WASHINGTON, Feb 21 (Reuters) - The U.S. Supreme Court's conservative justices on Wednesday appeared sympathetic to a bid by three Republican-led states and several energy companies to block an Environmental Protection Agency regulation aimed at reducing ozone emissions that may worsen air pollution in neighboring states.

Ohio, Indiana and West Virginia, as well as pipeline operators including Kinder Morgan, power producers and U.S. Steel Corp, are seeking to avoid complying with the EPA's "Good Neighbor" plan restricting ozone pollution from upwind states, while they contest its legality in a lower court.

During arguments in the case on Wednesday, some justices expressed concern about whether the Supreme Court intervention was warranted at this time.

But the questions posed by some of the conservative justices focused on whether the EPA's rule should be enforceable against the challengers given that the regulation no longer regulates 23 upwind states as intended, but only 11 because of lower court actions pausing it in 12 states. The Supreme Court has a 6-3 conservative majority.

"The problem is we're not sure if the requirements would be the same with 11 states as with 23, and it's just not explained," conservative Justice Brett Kavanaugh told Malcolm Stewart, a Justice Department lawyer defending the EPA.
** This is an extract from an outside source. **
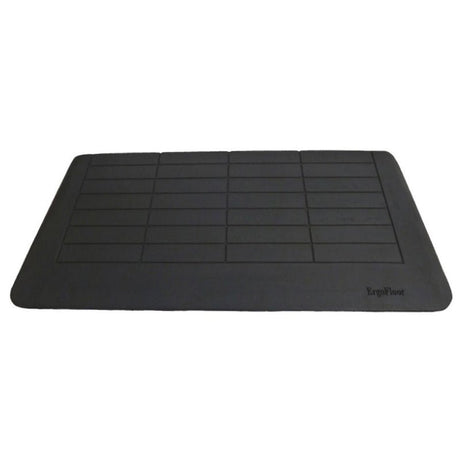 Dørtrinsrampe i gummi - 50 mm - Seniorshop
Conservative Chief Justice John Roberts expressed concern that the EPA has not explained how the regulation is viable for 11 states when it was devised for 23, given the huge costs that industry players have said they will incur to comply.

"In terms of why it's necessary to look at this here ... it's because EPA will not look at it until after the hundreds of millions of dollars of costs are incurred," Roberts told Stewart.

The Supreme Court did not immediately act on emergency requests filed in October by the challengers to halt enforcement, opting instead to hear arguments first, including on whether the EPA rule's emissions controls are reasonable.

The challenge comes after a major 2022 ruling powered by the court's conservative majority imposing limits on the EPA's authority to issue sweeping regulations to reduce carbon emissions from coal- and gas-fired power plants under the Clean Air Act anti-pollution law.

At issue in the current dispute is an EPA rule, finalized last June by Democratic President Joe Biden's administration, regulating ozone, a key component of smog, in 23 upwind states. The EPA said these states' own plans did not satisfy the "Good Neighbor" provision of the Clean Air Act requiring steps to reduce pollution that drifts into states downwind.

The agency implemented a federal program to reduce emissions from large industrial polluters in those states - although separate challenges in lower courts have already paused enforcement in 12 of them, including West Virginia.

The case now before the justices involves litigation brought by Ohio, Indiana and West Virginia - all targeted by the rule - as well as pipeline operators, U.S. Steel, regional electricity generators and energy trade associations. In their suit in the U.S. Court of Appeals for the District of Columbia Circuit, they argued that the EPA violated a federal law aimed at ensuring agency actions are reasonable.

Some of the industry requests were specific. Kinder Morgan asked the justices to block the regulation as it applies to natural gas pipeline engines. U.S. Steel sought to prevent its enforcement against iron and steel mill reheating furnaces and boilers.

When the D.C. Circuit refused to block the rule pending its review, the challengers asked the Supreme Court to intervene. The EPA's plan will force them to bear unreasonable costs and will destabilize the states' power grids, the states wrote in a brief.

The Justice Department, defending the EPA, told the Supreme Court that blocking the rule for these challengers would "seriously harm downwind states that suffer from their upwind neighbors' emissions" and expose their residents to public health risks.

On Jan. 16, the EPA issued a proposed rule to enforce the "Good Neighbor" plan in five more states: Arizona, Iowa, Kansas, New Mexico and Tennessee.